Recent versions of fontconfig seem to handle the "SuperOTC" giants pretty well too, so you may look into that as long as you aren't something old like Debian. There's even a Noto/Source combination experiment made by Ken Lunde: since Noto CJK is just another way you spell Source Han, why not put them in the same file? [1]

[1]: https://github.com/adobe-fonts/source-han-super-otc

Comment 10 Mingye Wang 2018-01-01 00:20:22 UTC
I am suggesting the grouped-by-weights TTCs largely because you don't get a lot to reuse grouping stuff across weights, at least not before those variable font interpolation magic becomes common. Among different variants of the same weight the savings become significant though: all eight of NotoSans{,Mono}CJK{sc,tc,kr,jp}-Regular.otf are around 15.7 MB each, but grouped up into NotoSansCJK-Regular.ttc they only take up 17.9 MB of space.
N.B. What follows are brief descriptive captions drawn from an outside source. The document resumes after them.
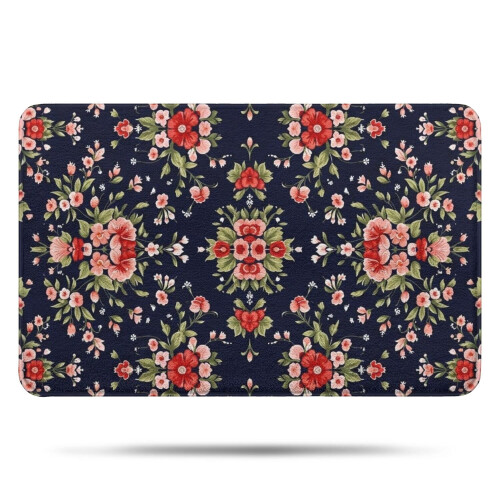 Tapete de banheiro floral antiderrapante em microfibra, 43 x 69 cm (17 x 27 polegadas)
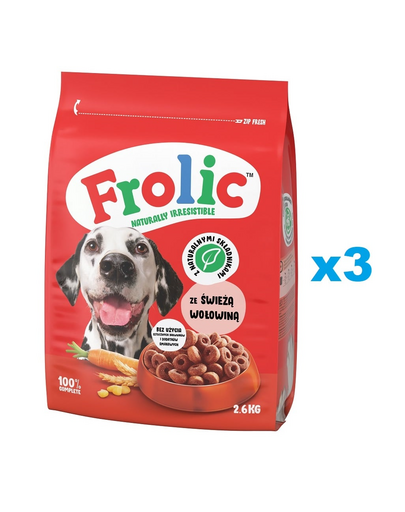 FROLIC Naturally Irresistible 3x2,6 kg félig teljes értékű teljes értékű eledel felnőtt kutyáknak friss marhahússal
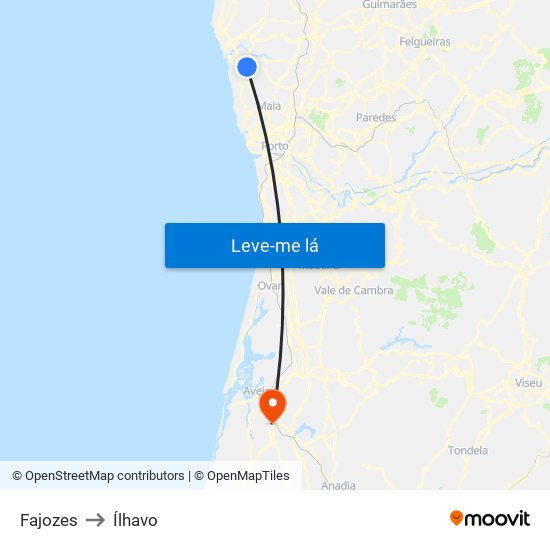 Fajozes to Ílhavo map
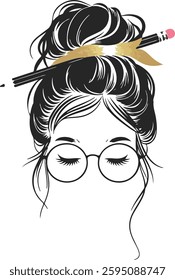 silhouette woman messy bun illustration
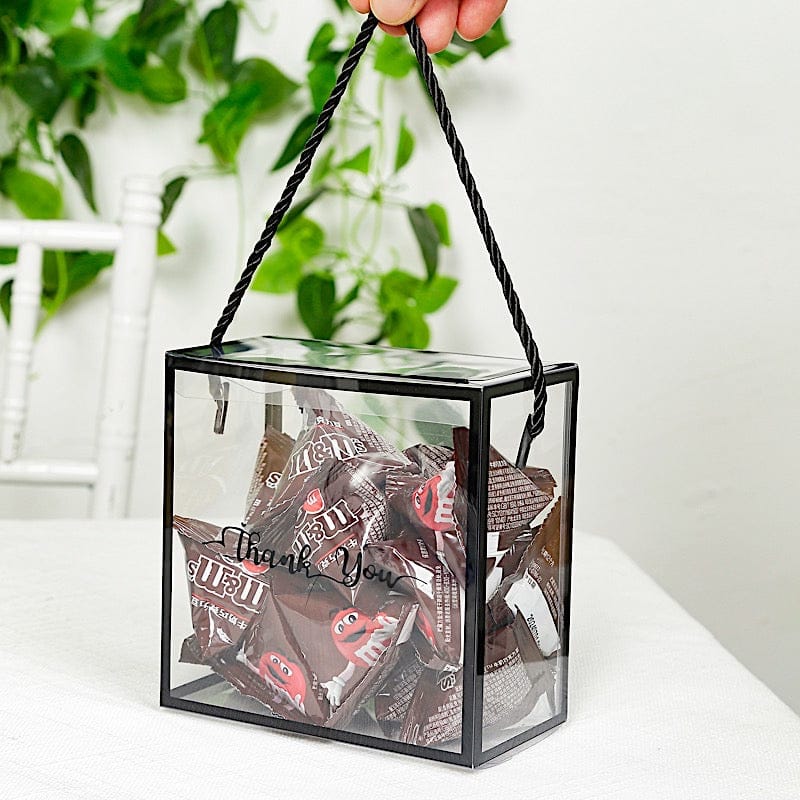 25 PVC Favor Boxes with Rope Handles and Thank You Print - Clear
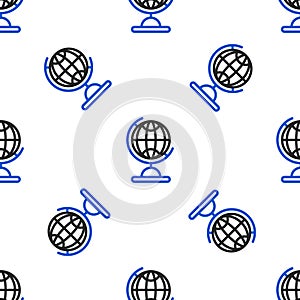 Line Earth globe icon isolated seamless pattern on white background. Colorful outline concept. Vector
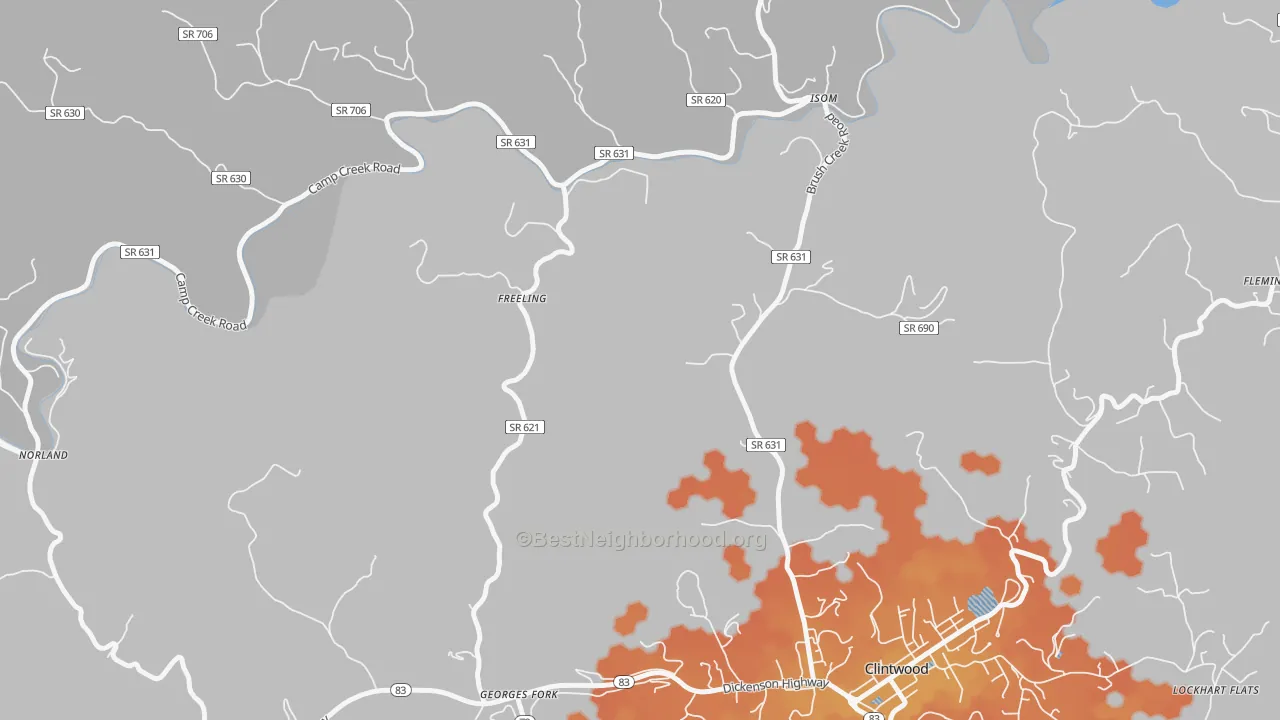 Bike Grade map of Freeling, VA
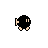 Two pixelated black spherical characters with beige limbs and two vertical white eyes, positioned side-by-side on a gray background.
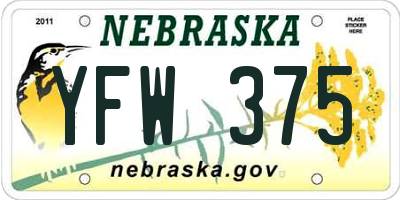 NE license plate YFW375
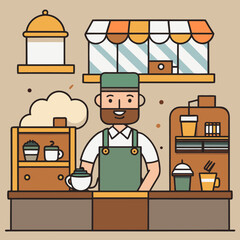 Friendly barista serves coffee behind a counter in a modern cafe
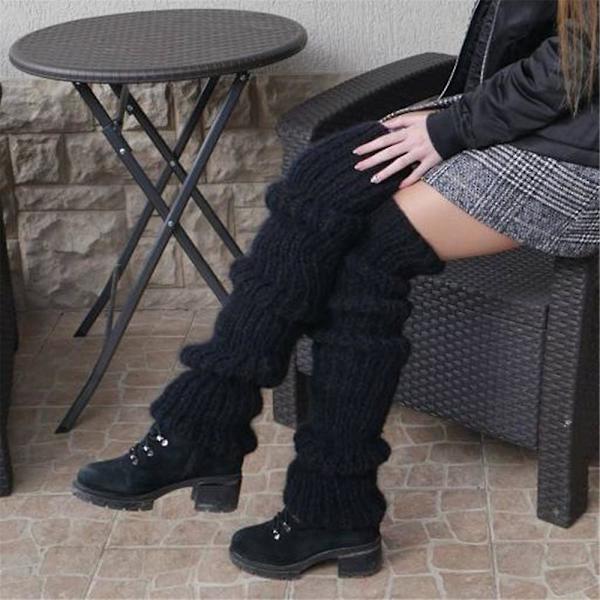 Naisten sukat Jalkojen lämpimät Neulotut pitkät kengät Sukat Slouch-sukat Black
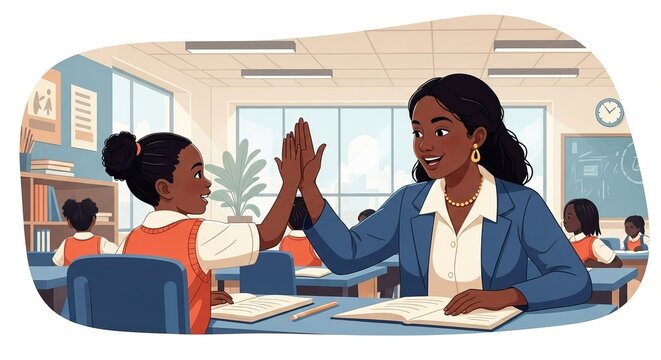 Black teacher and student giving high five in a classroom setting, smiling with books. Teacher giving high five to student in a classroom. - Powered by Adobe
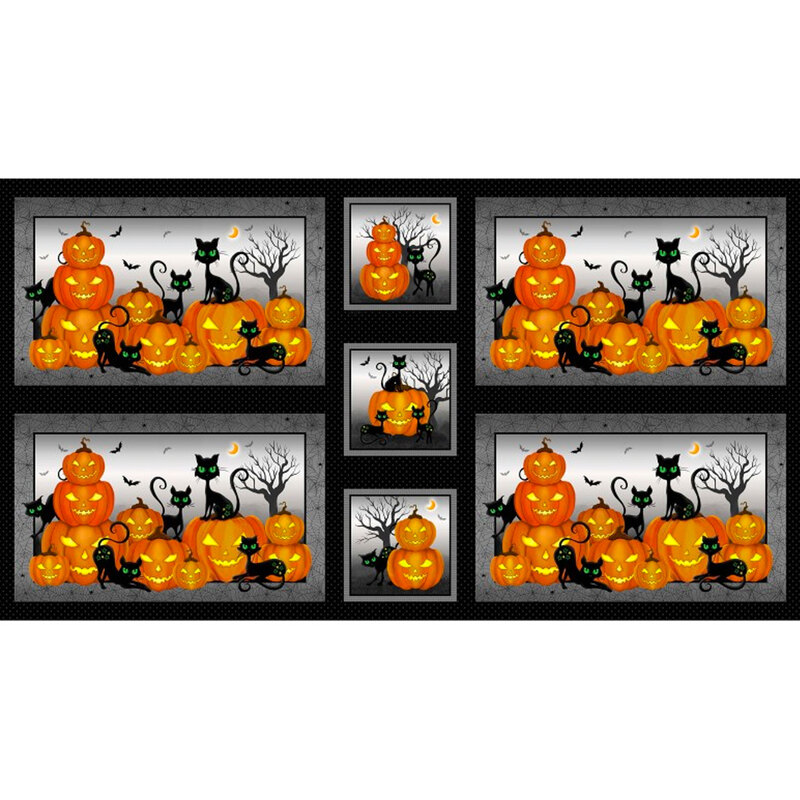 Halloween panel with jack o lanterns and black cats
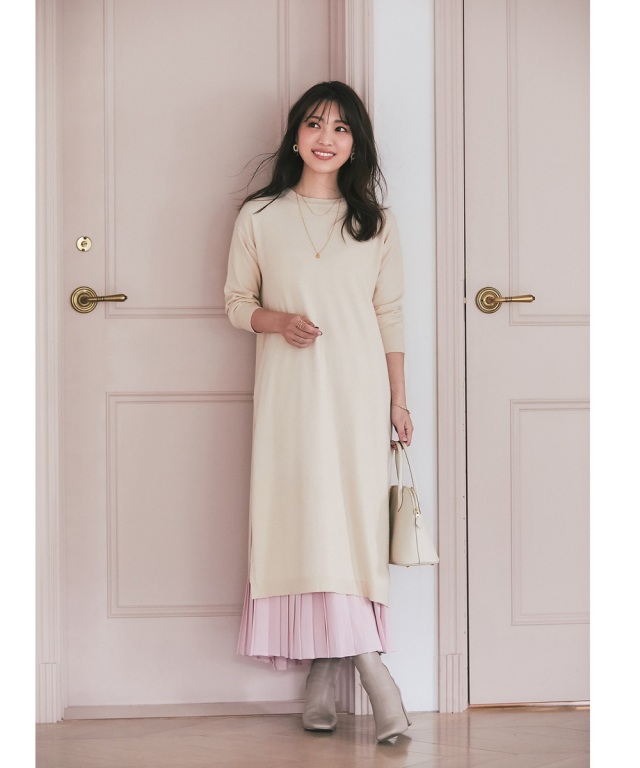 《マシェリコラボ》サイドスリットロングニットワンピース※一部店舗のみ入荷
The SuperOTC (NotoSansCJK.ttc.zip) takes up 110 MB inflated, roughly the sum of all the weight-grouped TTCs.

Comment 11 Alick Zhao 2018-01-01 03:11:39 UTC
Seems regional subset OTF files are recommended by the upstream for Linux:

https://raw.githubusercontent.com/adobe-fonts/source-han-sans/release/SourceHanSansReadMe.pdf

Comment 12 Mingye Wang 2018-01-01 03:31:38 UTC
It's recommended because many Linux (TM) deployments run on Debian Stale (R)-level software, and they are super conservative about this thing. This document is outdated anyway: it states that only Mac folks should use ye mighty SuperOTC, but current Linux and Windows infrastructure supports that as well. And since it even recommends against using OTC in Windows except for specific design applications, it's obvious that the document isn't written with disk space usage in mind and is too conservative w/r/t the ghost of compatibility. OTC/TTC isn't even a new thing! Just test it out and decide for yourselves.

Comment 13 Mingye Wang 2018-01-01 03:38:01 UTC
Sorry for misreading the Windows flowchart. Seems like they don't even want to acknowledge that OTC/TTC is good at all on Windows either. The "subset... InDesign" part likely arises from the following assumptions:

* Only InDesign users care about characters beyonds a "language charset"
* Only InDesign uses the LOCL feature.

The latter is blatantly false as your everyday browser, via Pango, does LOCL a lot. Space wasted by the former isn't a factor when you are getting fonts in OTC/TTC bundles and saving all the space.

Comment 14 Cheng-Chia Tseng 2018-01-02 05:49:06 UTC
Super OTC file is supported by any flavor of Linux that uses fontconfig and FreeType Version 2.5.0.1 or greater. 

See: https://github.com/adobe-fonts/source-han-serif/tree/release

I suggest switching to Super OTC file to save the space and take the advantages of locl Opentype features. That is useful in LibreOffice, you can change the "Language" of the text to change to glyphs to fit different regions (CN, TW, JP or KR).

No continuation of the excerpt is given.